#### Material provided
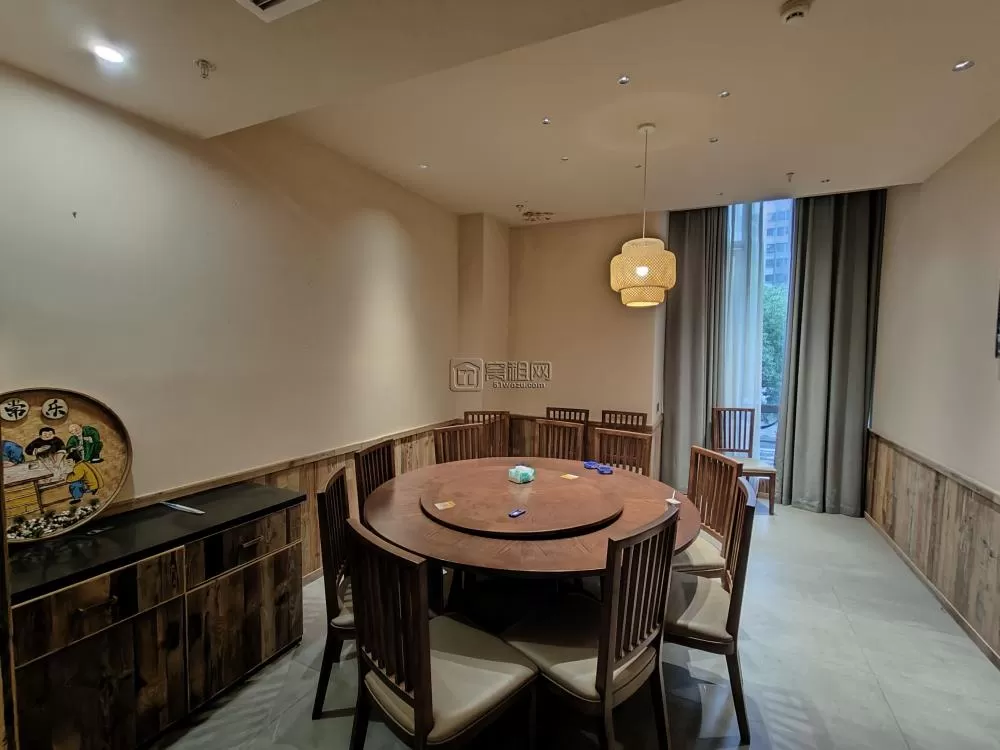 长丰聚亿广场1楼店铺出租339平餐饮装修，燃气空调都在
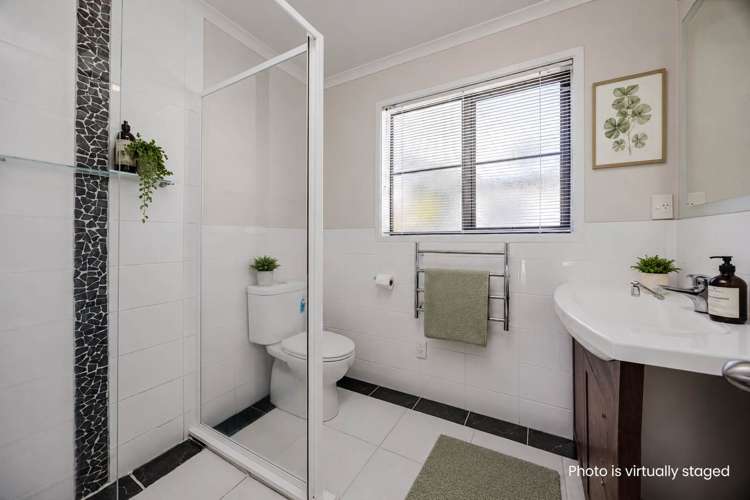 129 Cyril French Drive Flat Bush_14
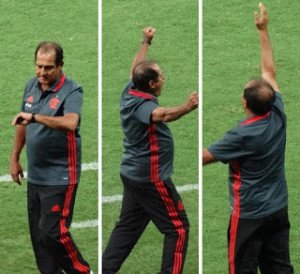 Gesto, olho no relógio e celebração: vitória traz de volta o velho Muricy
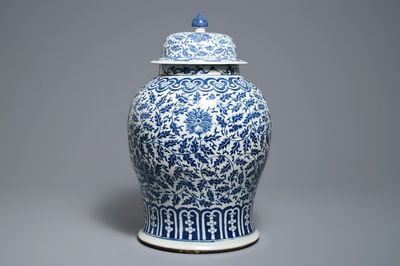 Un vase couvert en porcelaine de Chine bleu blanc à décor de rinceaux lotus, 19ème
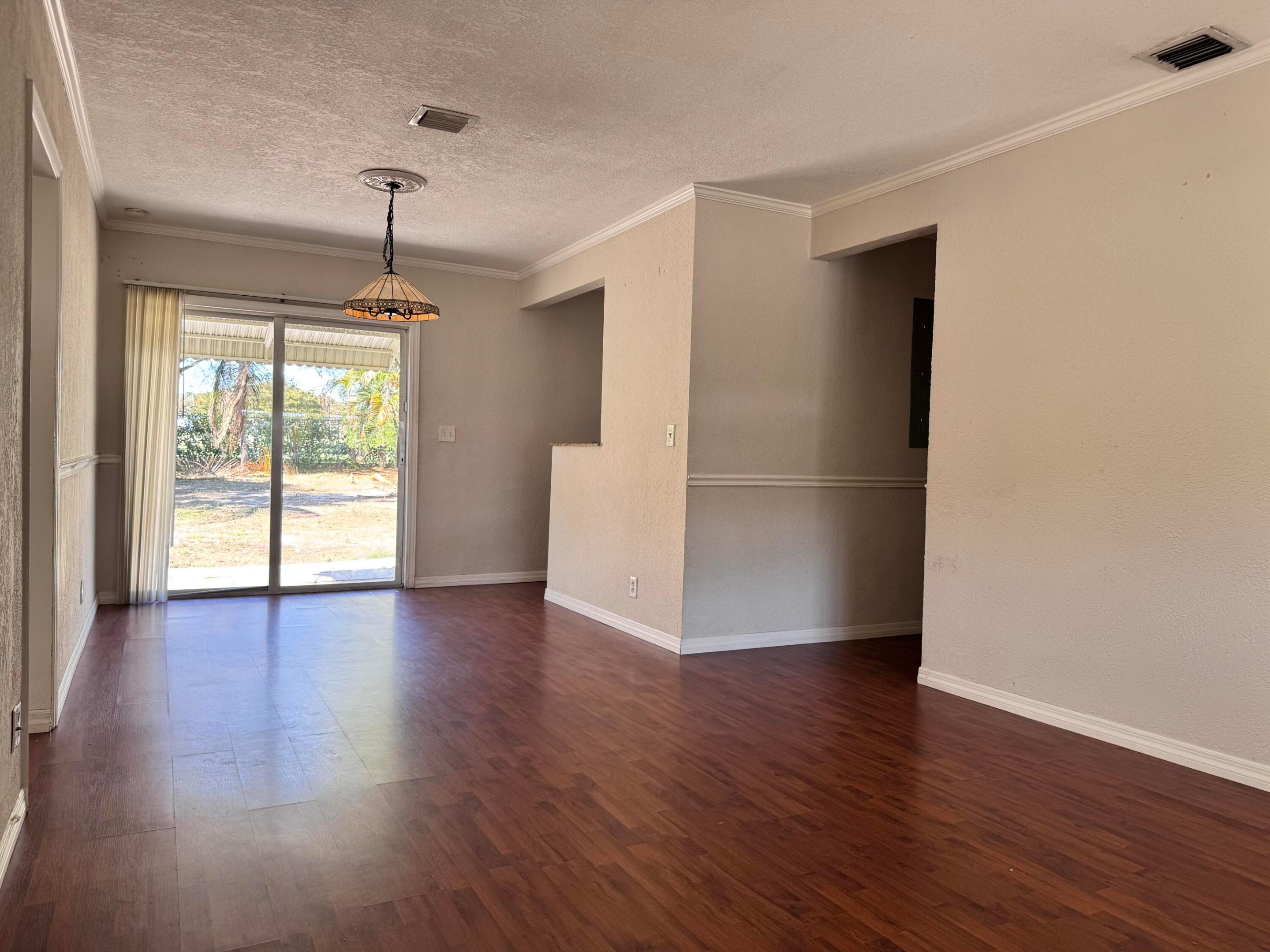 COUNTRY CLUB PARK - Residential Lease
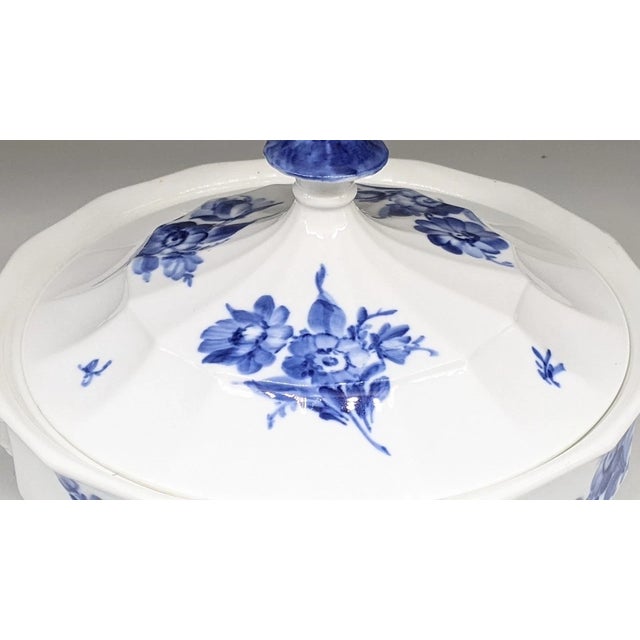 Royal Copenhagan Vintage Royal Copenhagen Blue Flowers Covered Vegetable Bowl For Sale - Image 4 of 4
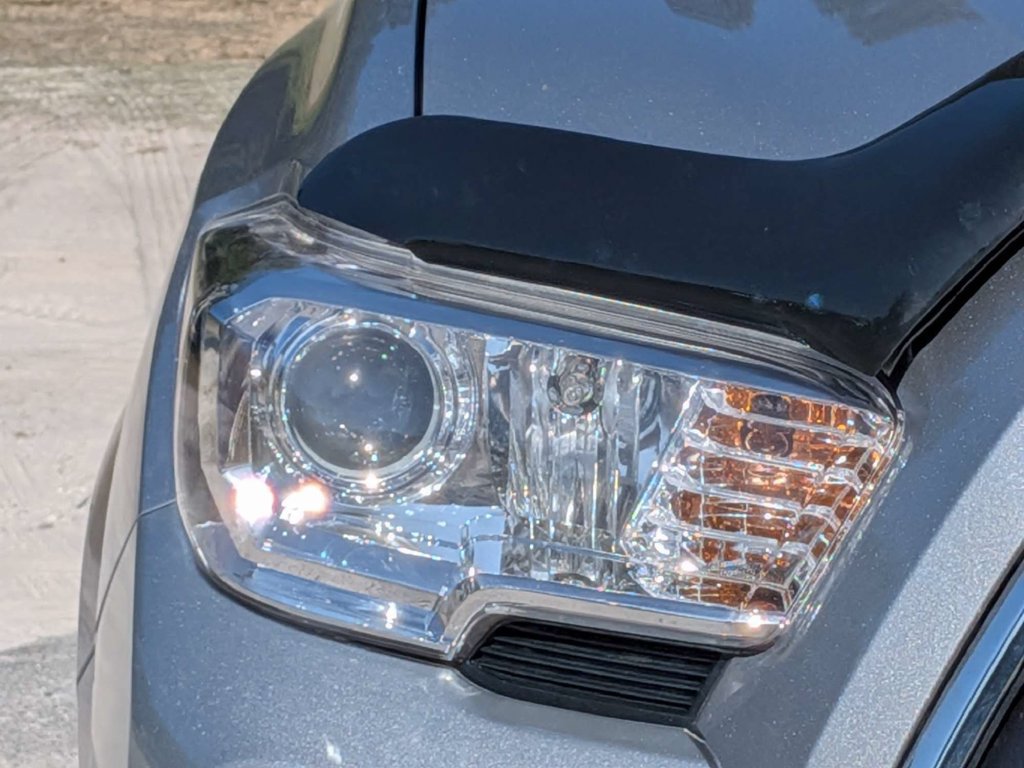Used 2022 Toyota Tacoma SR5 RWD image 8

#### Your objective
Write out exactly the lines running from the one with "Royal Copenhagan Vintage" through the end of the material, both ends included, while leaving the pictures out.

#### Exercise answer
 Royal Copenhagan Vintage Royal Copenhagen Blue Flowers Covered Vegetable Bowl For Sale - Image 4 of 4
Used 2022 Toyota Tacoma SR5 RWD image 8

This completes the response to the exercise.